The results show that the first century of our era was the most peaceful of all; thirteenth century Europe was also an age of peace; and the nineteenth was a notable improvement over the two preceding. But the first quarter of the twentieth century, by itself, was more warlike than any hundred years except the third century B.C. in Italy; and if the second quarter should be figured in, even the third century in Italy would seem relatively peaceful. On this showing, our present troubles are no ordinary troubles.
War, however, is only one example of a more general condition.
As the love of liberty grows dim under socialistic suffocation, as coercion increases, the more brutal it will become. The basic methods of procedure were stated by Karl Marx, and they have been accepted, in varying degrees, by many who are not conscious of their origin. Marx was deeply interested in progress, and for him misery is a powerful instrument for gaining one’s goal. Tension and antagonism, the result of misery, are forces of progress. For this reason, a clever social planner will provoke violence and bloody conflicts. Happy men are weak, but if they can be made wretched, they can be stirred to action. Class must be played against class, and hatred must be stimulated. The economy of nations must be ruined by huge governmental expenditures that lead to bankruptcy. Demagogues, willing to be looked on as God, will deceive the people with impossible promises of freedom from want and freedom from fear.
If the Thesis of Progress is to be challenged, then we face the prospects that civilization can indeed decline. And if Mises is right that society is a result of rational human behavior then civilization is neither bound and determined to progress and nether is it bound to decline. Its rise and decline depend on the ideas that people put into action. All action is preceded by thinking; man acts in accordance with what he believes about the relationship between his acting and the world around him. Joe Salerno describes Mises’ theory of society as follows:
As the fruit of conscious thought and the instrument of action, Mises characterizes knowledge as having an “activistic basis.” “[K]nowledge is a tool of action. Its function is to advise man how to proceed in his endeavors to remove uneasiness.”
Mises defines society as “concerted action” or “cooperation” among human beings that is “the outcome of conscious and purposeful behavior.” As such, society is a consciously-devised “strategy,” “a man-made mode of acting” in the war against scarcity.

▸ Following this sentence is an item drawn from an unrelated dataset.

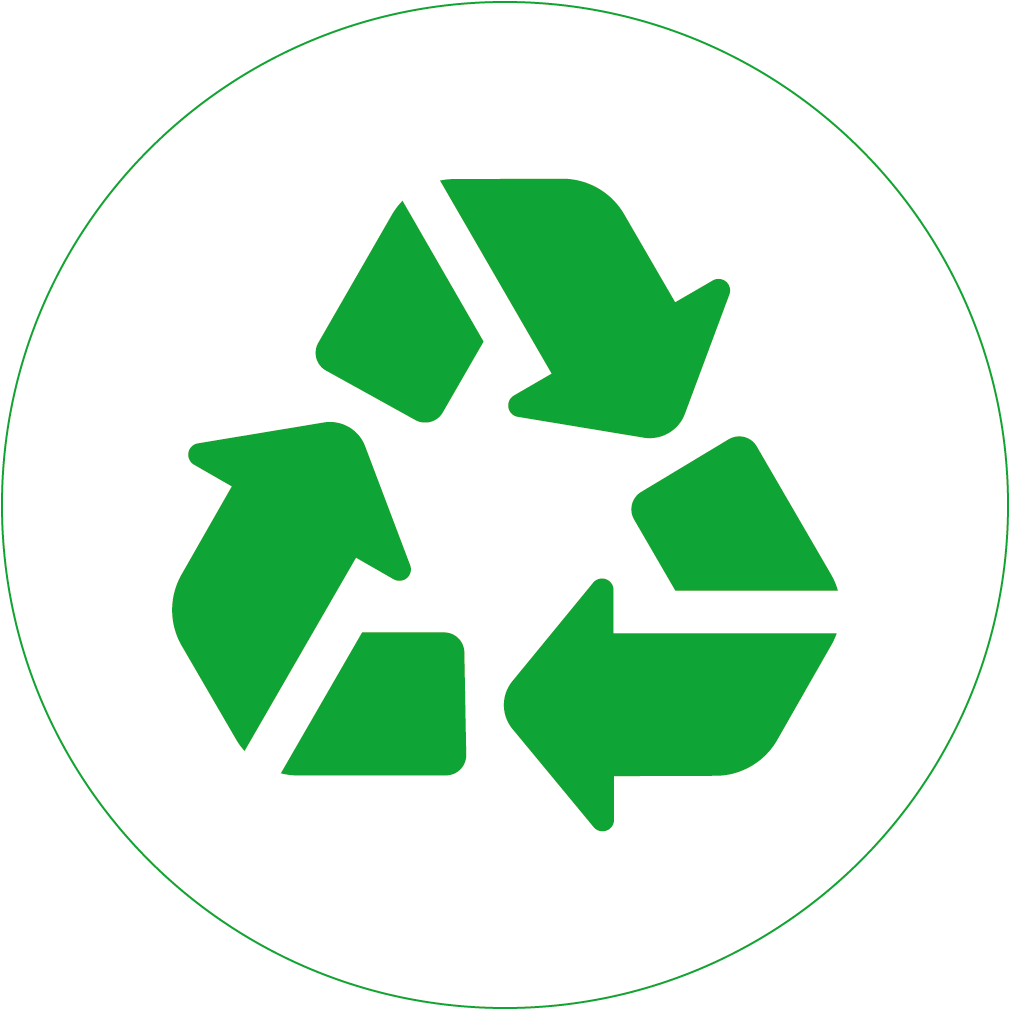 OBB Skip Hire - recycle icon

Society is therefore a product of human reason and volition: “Reason has demonstrated that, for man, the most adequate means for improving his condition is social cooperation and division of labor. They are man’s foremost tool in his struggle for survival.”
Mises writes: “Human society is an intellectual and spiritual phenomenon. It is the outcome of a purposeful utilization of a universal law determining cosmic becoming, viz., the higher productivity of the division of labor. As with every instance of action, the recognition of the laws of nature are put into the service of man’s efforts to improve his conditions.”

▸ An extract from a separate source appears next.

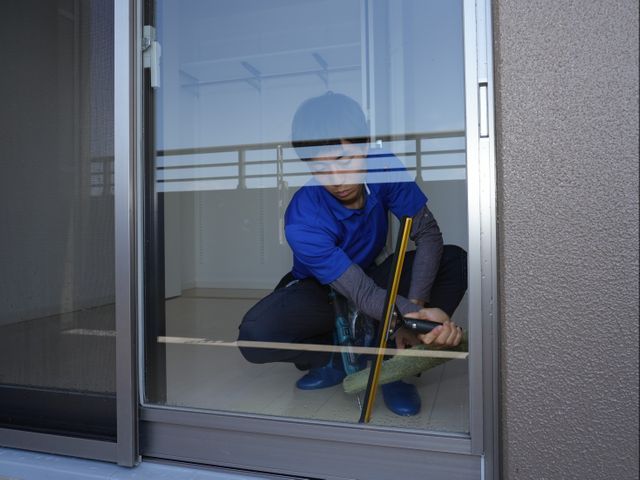 お家中の窓、ぜひご用命ください! 室内が明るくなります
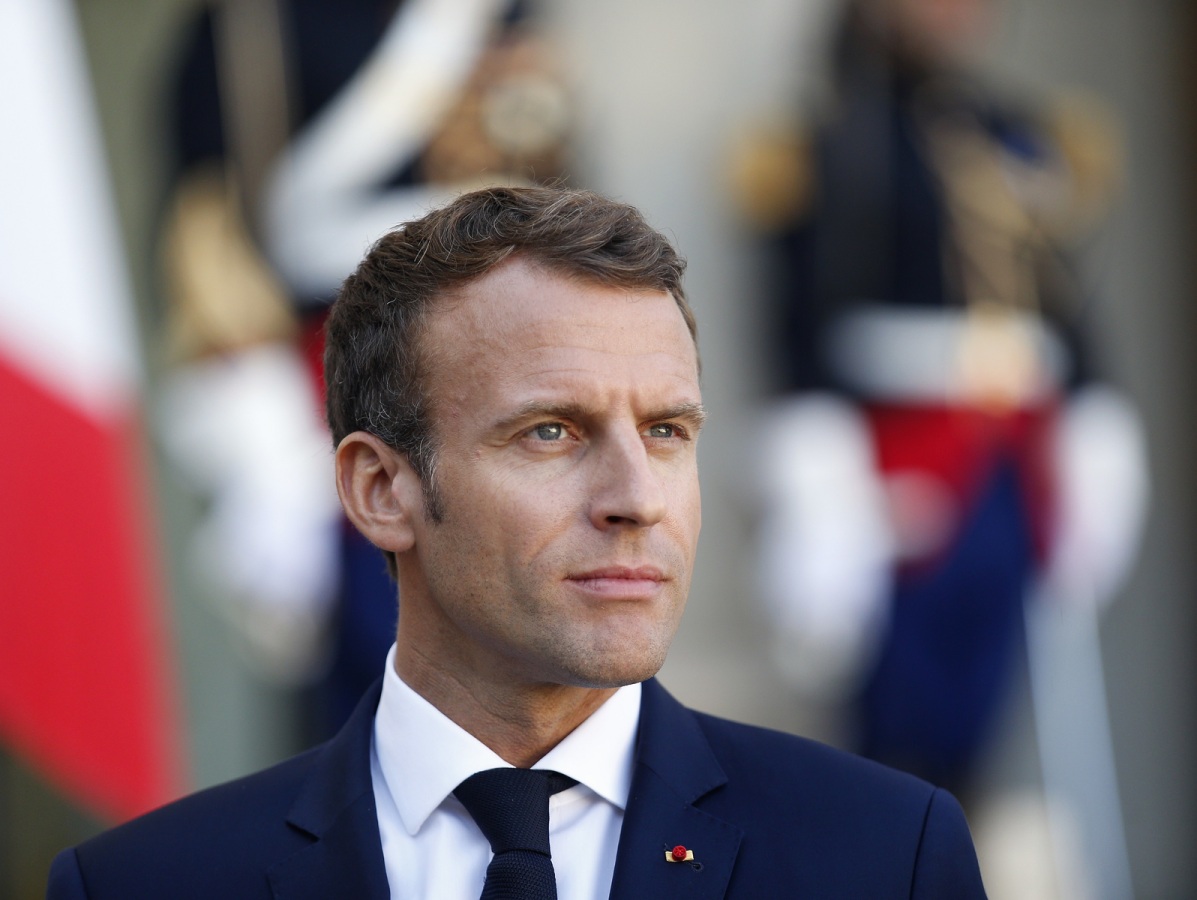 Emmanuel Macron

Thus, the decline of the west, the result of which surrounds us, is not inevitable and it is not forever.
The masses favour socialism because they trust the socialist propaganda of the intellectuals. The intellectuals, not the populace, are moulding public opinion. It is a lame excuse of the intellectuals that they must yield to the masses. They themselves have generated the socialist ideas and indoctrinated the masses with them.
The intellectual leaders of the peoples have produced and propagated the fallacies which are on the point of destroying liberty and Western civilization. The intellectuals alone are responsible for the mass slaughters which are the characteristic mark of our century. They alone can reverse the trend and pave the way for a resurrection of freedom.
Not mythical “material productive forces,” but reason and ideas determine the course of human affairs. What is needed to stop the trend towards socialism and despotism is common sense and moral courage.